Never release with a bare DEL. If your lease quietly expired and someone else acquired the lock, a bare DEL deletes their lock, and now two clients run the critical section while you congratulate yourself on a clean shutdown. Compare-and-delete on your own signature is not a nicety. It is the difference between releasing your lock and stealing someone else's. (Redis 8.4 collapses the script into a single DELEX key IFEQ <value>, but the reasoning is identical.)

Now look hard at that PX 30000. Why is the expiry there at all? Because without it, a client that crashes mid-critical-section holds the lock forever and deadlocks everyone behind it. The timeout is a liveness hack: it guarantees the lock eventually frees even if the holder dies without releasing.

Here is the trap. The same timeout that frees the lock when a holder dies also frees it when a holder is merely slow, and the lock manager cannot tell the two apart. It sees a thirty-second-old key, the key expires, and the lock goes to the next client. The original holder, frozen but very much alive, has no idea its lease lapsed. The moment it thaws, it resumes exactly where it left off, mid-write, with a lock it no longer owns. Gray and Cheriton named this construct a lease back in 1989: a lock granted for a bounded time precisely so a dead holder cannot block forever. Calling it a lock hides the property that bites you. It is a lease, and a lease can expire under a holder who is still working.

Springing the trap

The canonical failure is worth walking through slowly, because once you see it you cannot unsee it. Two clients, one shared resource, a thirty-second lease.

Client 1 ── acquire lock (token=33) ──► [holds lease, TTL=30s]
Client 1 ── STOP-THE-WORLD GC PAUSE (45s) ─────────────────────────►
                          (lease expires at 30s while C1 is frozen)
Client 2 ──────────────── acquire lock (token=34) ──► writes "X"  ok
Client 1 ── resumes, still believes it holds the lock ── writes "Y"  CORRUPTION

Client 1 grabs the lock and starts working. Partway through, its runtime triggers a stop-the-world garbage-collection pause that freezes every application thread for forty-five seconds. The lease expires at thirty. Client 2, seeing a free lock, acquires it cleanly and writes. Then Client 1 thaws, with no signal that any time has passed, and finishes its write on top of Client 2's. Two clients held the lock at once and the data is now wrong.

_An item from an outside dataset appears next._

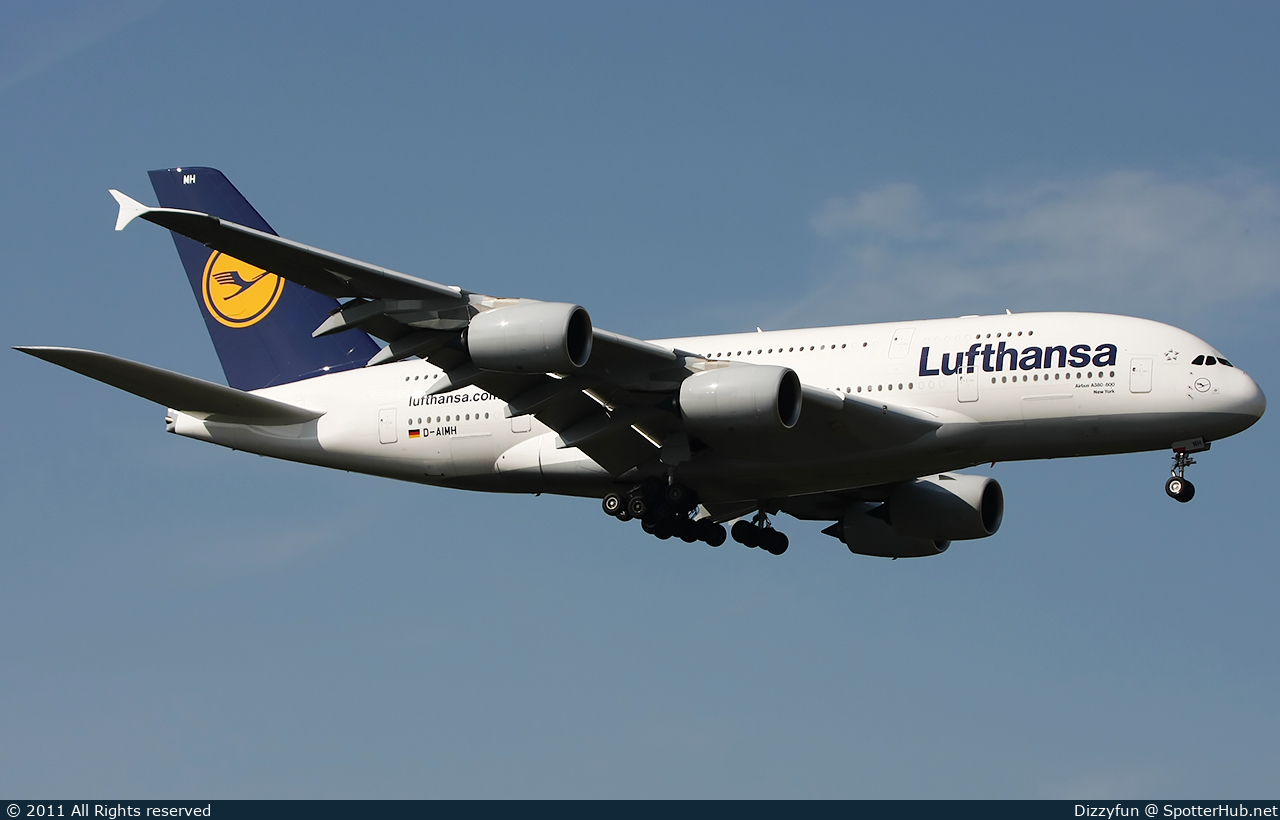 Photo of D-AIMH - Airbus A380-841 operated by Lufthansa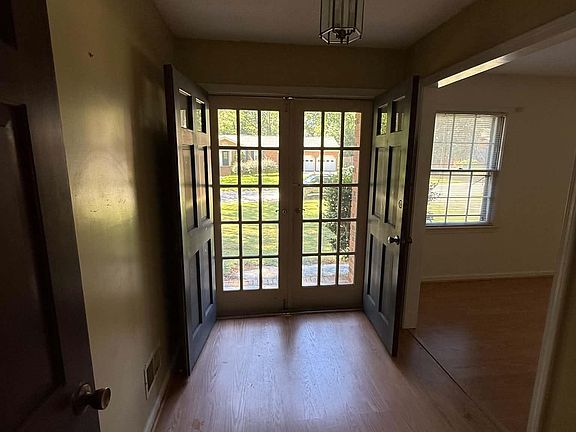 3rd image of 336 Saint Albans Rd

The reflex is to call the GC pause exotic. It is not. Kleppmann documents stop-the-world pauses lasting several minutes in production HBase. And the pause is only one entry on a list of entirely normal events that all produce the same outcome:

Process pauses. GC is the obvious one, but a SIGSTOP from an operator, a VM freezing during live migration, or a slow synchronous disk flush stalls the process just as effectively. The pause can land at any instruction, including the single worst one: the line right before your write.
Network delays. Kleppmann cites a real incident where packets were delayed roughly ninety seconds. Your acquire confirmation arrives long after the lease it referred to has expired.
Clock jumps. Redis expiry leans on gettimeofday, a wall clock subject to discontinuous jumps when NTP steps it, an admin corrects it, or a leap second lands. The lease's safety is anchored to a clock that can move sideways underneath it.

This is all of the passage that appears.